To illustrate her belief that these products help with the audit process, Vericept spokeswoman Nina Piccinini points to one Vericept customer that faced a sexual-harassment case brought by one of its employees. The employee claimed her boss was leaving pornographic material on her desk and sending her sexually explicit e-mail. By using Vericept's 360º Risk Management Platform, this customer was able to determine the employee doctored the evidence herself. When the captured information was reviewed with the employee, she dropped the suit and left the company, Piccinini says.
Paying the price
In general, these products are costly. Pricing varies greatly, but most vendors will charge per user/workstation, per appliance or per the exit points at which information can leave the corporate network, such as through e-mail attachments, IM and data uploading to an FTP server.

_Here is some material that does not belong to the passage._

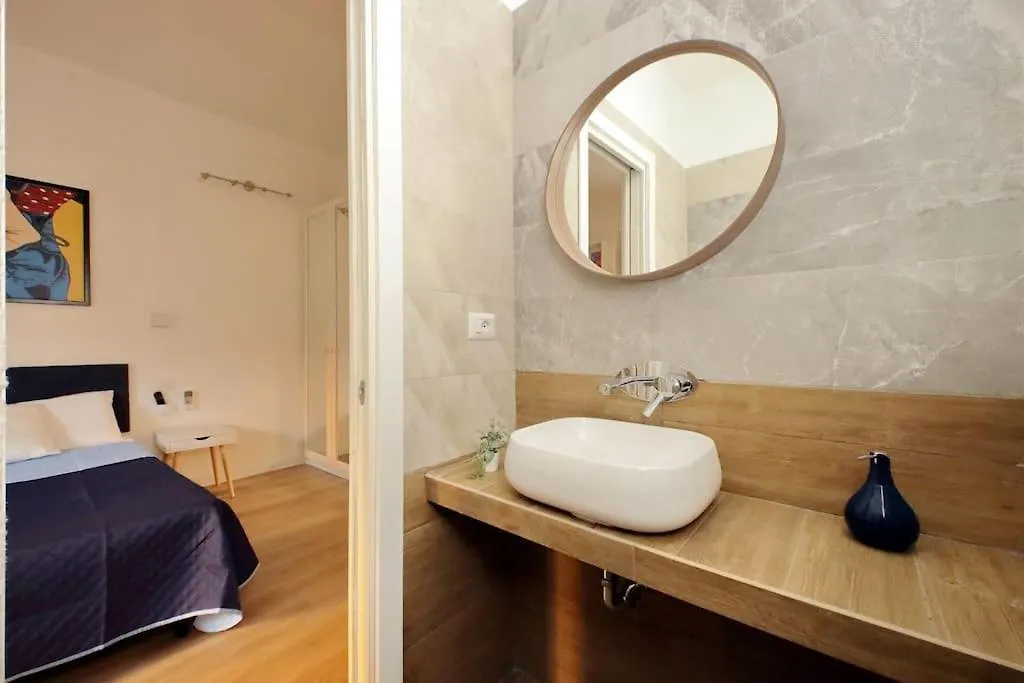 Leto Apartment Rome Italy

Organizations in highly regulated industries can more easily justify the investment in products that monitor outbound content. But taking into account the financial damage associated with the loss of intellectual property and governmental fines, the vendors report that even small and midsize businesses (SMB) are showing interest in these products. An SMB may be able to keep the price tag at less than $100,000, but an enterprise-level system supporting thousands of users will easily run between $200,000 and $500,000.
While the vendors we surveyed offer professional services to assist with project implementations, we believe most organizations should be able to install them with minimal assistance from the vendor. However, you'll likely have to pay service and support dollars when it comes to policy creation, troubleshooting network performance and integrating the data-leakage monitoring into custom applications.